Après s’être entouré d’une équipe aussi incompétente que belliqueuse, Trump récolte chaque jour le fruit amer de ses choix. Si le président cherche à nouer des relations « normales » avec la Russie et la Chine, les « chiens de guerre » de l’administration (Pence, Bolton et Pompeo), jour après jour, sans que l’on sache vraiment qui tient l’autre en laisse, multiplient ou durcissent les sanctions contre les uns et les provocations contre les autres.

Dans ce domaine, John Bolton, son conseiller national à la sécurité, est infatigable. Après avoir saboté le sommet de Saïgon (Vietnam) entre Trump et Kim Jong-un, en proposant à la Corée du Nord un désarmement nucléaire immédiat et total « à la libyenne », notre homme, connaissant visiblement mal la réalité du terrain, a appelé à renverser le gouvernement du Venezuela et à envoyer une flotte de guerre et des bombardiers pour faire monter la pression sur l’Iran. Selon le Washington Post, citant un Trump avide de susciter un changement de régime au Venezuela, s’indigne que « Bolton veuille l’entraîner dans une guerre ».

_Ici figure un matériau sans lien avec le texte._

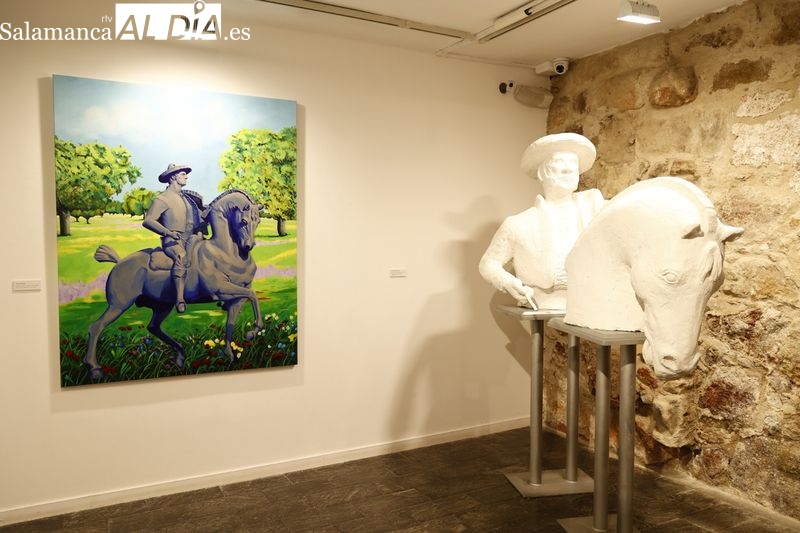 Nuevo homenaje a Venancio Blanco, exposición de 36 artistas en La Salina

Le secrétaire d’Etat à la Défense, Mike Pompeo, un fondamentaliste évangélique délirant, est un autre cas d’espèce. Rappelons d’abord qu’aux Etats-Unis, les révélations de l’ancien directeur technique de la NSA, Bill Binney, et de l’ancien analyste de la CIA Larry Johnson, ont démontré sans conteste que ce ne sont pas les Russes qui se sont ingérés dans les élections américaines, mais bien les Britanniques, inquiets à l’idée que Trump fasse sortir les Etats-Unis de l’OTAN et mette fin à la « relation spéciale » entre Londres et Washington.

Ces vérités n’ont pas empêché le secrétaire d’Etat Pompeo de claironner à Londres, le 8 mai, combien la « relation spéciale » anglo-américaine était vivante et appréciée (par des va-t-en guerre comme lui !).

Quant au gourou de la droite identitaire Steve Bannon, après s’être longuement entretenu avec l’ancien secrétaire d’Etat américain Kissinger, il a suivit ses conseils en ressuscitant le « Comité du danger présent », lobby anti-communiste virulent de la Guerre froide, cette fois pour lutter contre la Chine.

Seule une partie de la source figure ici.